Work item: Once the line with "Narciso cyclamineus Reggae" is found, write it out along with every line after it, exactly, up to the last line of the entries below. Exclude pictures.
Data supplied section start
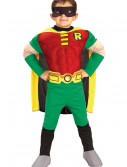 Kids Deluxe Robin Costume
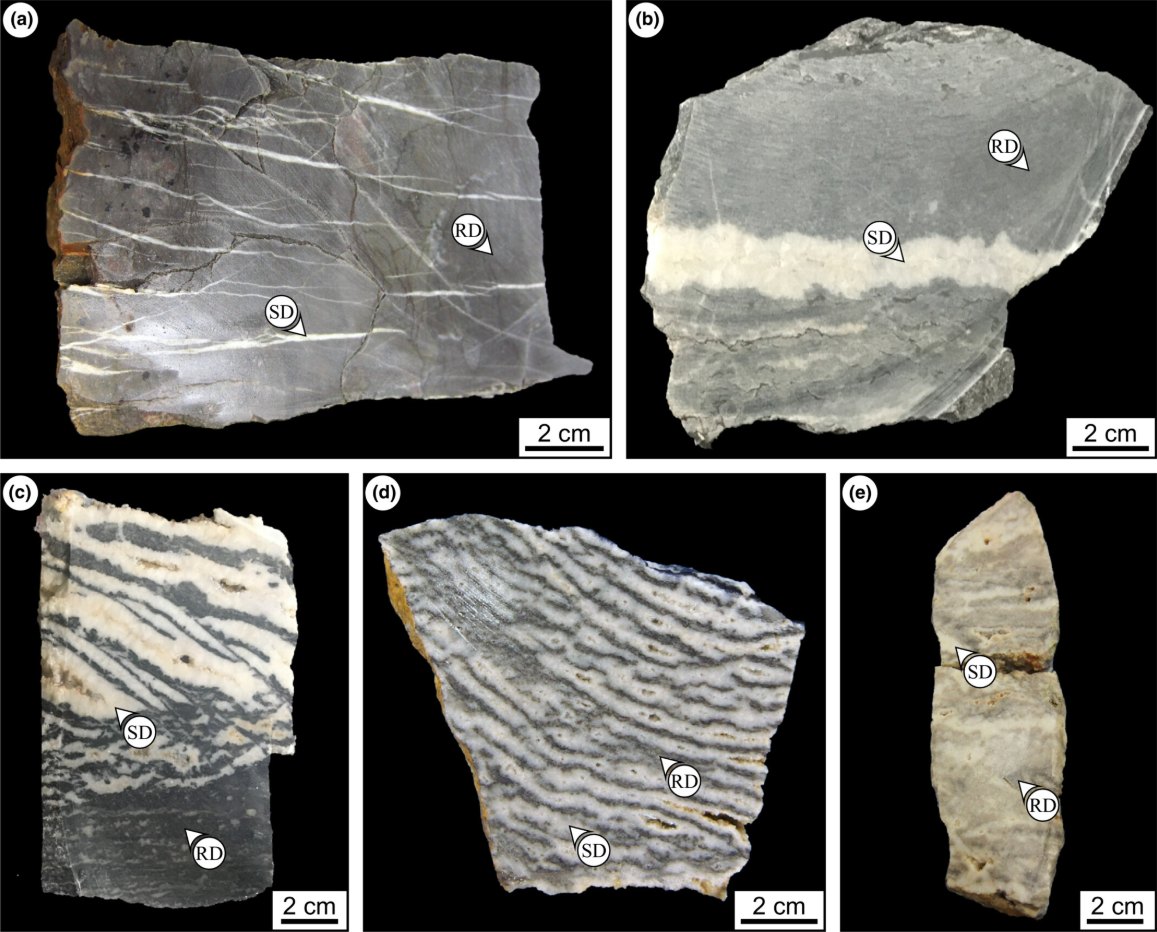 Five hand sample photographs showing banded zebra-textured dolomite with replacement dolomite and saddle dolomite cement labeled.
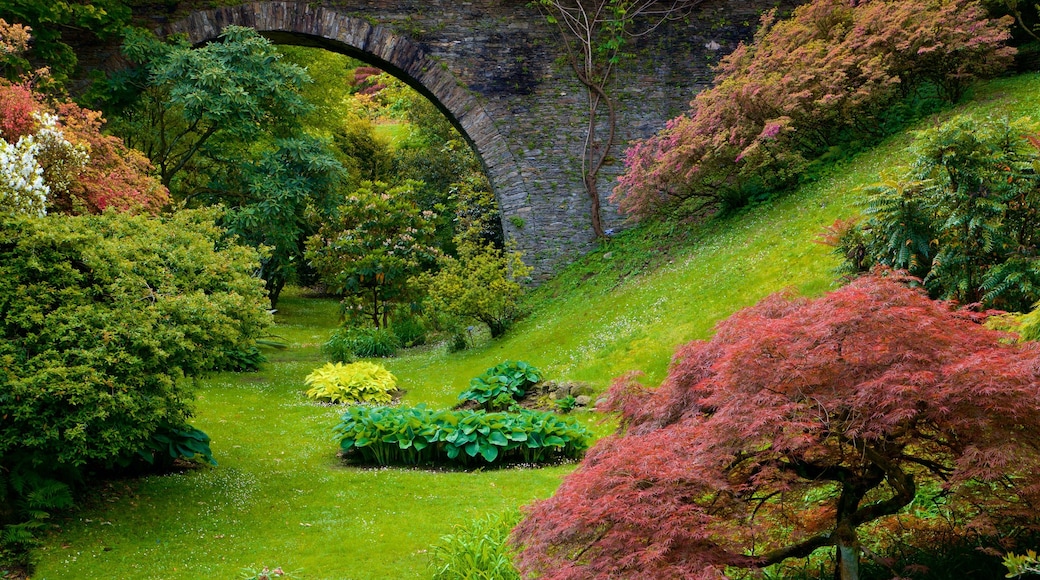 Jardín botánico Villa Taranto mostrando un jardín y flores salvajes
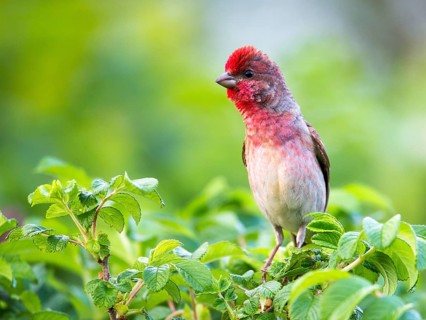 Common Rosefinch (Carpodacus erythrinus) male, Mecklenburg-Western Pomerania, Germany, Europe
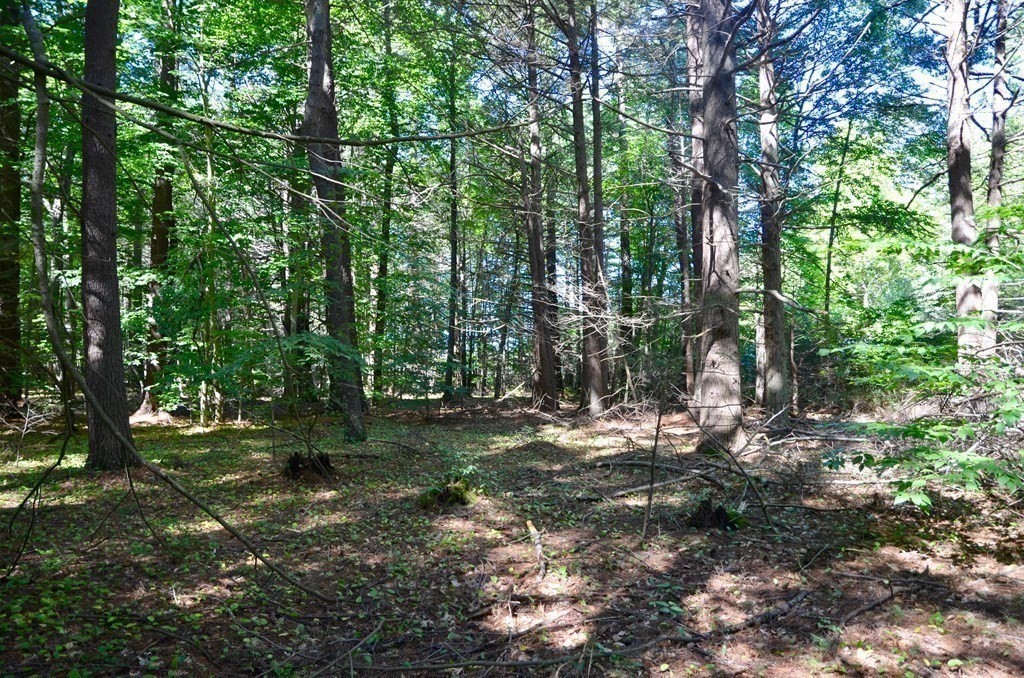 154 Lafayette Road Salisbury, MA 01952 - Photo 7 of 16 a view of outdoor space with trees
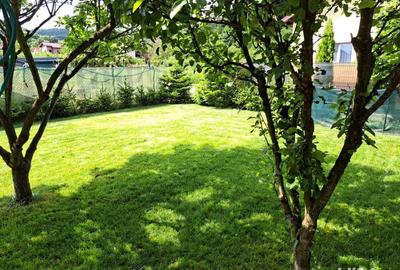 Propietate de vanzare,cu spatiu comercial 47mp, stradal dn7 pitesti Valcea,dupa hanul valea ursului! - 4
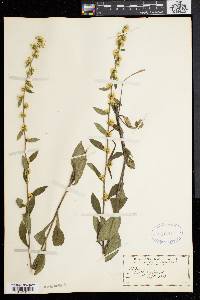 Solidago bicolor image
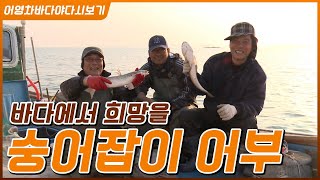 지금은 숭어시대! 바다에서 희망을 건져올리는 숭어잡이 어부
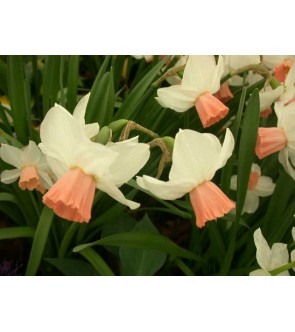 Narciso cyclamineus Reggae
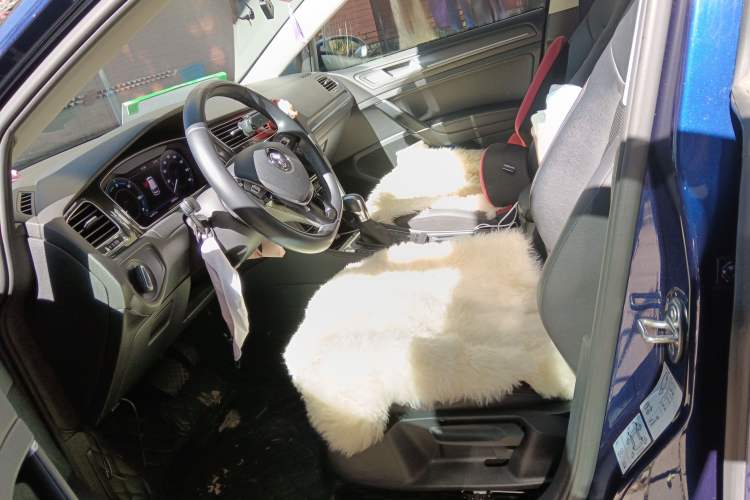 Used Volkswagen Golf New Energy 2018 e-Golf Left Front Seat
Data supplied section end
Answer to this exercise:
 Narciso cyclamineus Reggae
 Used Volkswagen Golf New Energy 2018 e-Golf Left Front Seat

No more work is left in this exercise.